There was great excitement in the newsrooms of the UK in mid-April when a small oil and gas company announced that more than 100 Bbo were lying beneath the Weald, south of London in south-east England – over 158 MMbo per square mile. Executives at the company, UK Oil & Gas Investments (UKOG), described this as ‘a possible world-class potential resource’, and suggested that it could create ‘many thousands of jobs’.
Most of the assets of UKOG are focused on the Weald area, including the block which contains the Horse Hill-1 well, drilled late last year, the results of which had previously been announced as a rather more modest 8.2 MMb oil in place in the Late Jurassic Upper Portland Sandstone. However, further analysis of the well, which is the first one to be drilled on the licence since the 1960s and went to a much greater depth than tried previously, suggests there may be potential in older Jurassic horizons. Research on the well, undertaken in part by Nutech, a leading petrophysical analysis and reservoir intelligence company, concluded that it discovered 200m aggregate net pay section, primarily within three argillaceous limestones and interbedded mudstones of the Upper Jurassic Kimmeridge, and in the mudstones of the Lower Jurassic Oxford and Lias sections. Additional geochemical and petrophysical analyses are ongoing.
The excitement in the media was brought about because UKOG, which has a 20.358% interest in the licence, extrapolated these finding across much of south-east England, suggesting that the “Horse Hill Upper Jurassic rock sequence is analogous to known oil productive hybrid reservoir sections of the Bakken of the US Williston Basin, the Wolfcamp, Bone Springs, Clearfork, Spraberry, and Dean Formations in the US Permian Basin and the Bazhenov Formation of West Siberia. The US analogues have estimated recovery factors of between 3% and 15% of oil in place”. The company believes that the pay thickness plus the naturally fractured limestone make Horse Hill a new ‘hybrid’ play, which could be exploited using conventional horizontal drilling and completion techniques and without the use of hydraulic fracturing. This last point is highly important in an area which has already seen major demonstrations against the possibility of fracking at a drill site at Balcombe, about 50 km to the south.
Further Testing Needed
This positive analysis of potential in-place reserves is not, however, in accord with the British Geological Survey, who in May 2014 produced a report in which they estimated the range of shale oil in place across the Weald to be between 2.20 and 8.57 Bbo, with a central estimate of 4.4 Bbo. Meanwhile Magellan Oil, which has a 35% interest in the Horse Hill acreage, was quick to point out that, while encouraged by the technical analysis, further testing and drilling would be needed before they could form an opinion of the prospect’s economics.
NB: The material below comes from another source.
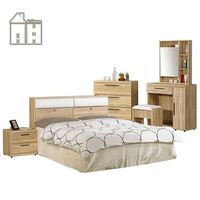 【AT HOME】凱文超值雙人臥室五件組(床底+床頭箱+床頭櫃+三斗櫃+化妝桌椅)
A number of analysts queried the high estimates, pointing out that there is an implied assumption of limited compartmentalisation, impossible to ascertain from the single well, and that the homogeneity which makes rocks like the Bakken so productive was unlikely to be replicated in the Wealden rocks. Many do not believe that the high level of natural fracturing reportedly seen in the limestone at the wellsite would necessarily be found throughout the area, meaning that the exploitation of any resources without fracking would be difficult.
Geological issues aside, the Weald Basin, much of which lies within the wider London commuter belt, is relatively densely populated and contains some of the most expensive real estate in the country. It also includes large areas of protected land, national forests and parks and designated areas of outstanding natural beauty. Opposition to development of this resource will be very strong, costly to surmount and the regulations to ensure protection of the environment are vigorous. The people of Great Britain are unlikely to be relying on this resource to heat their homes and power their cars for some time to come.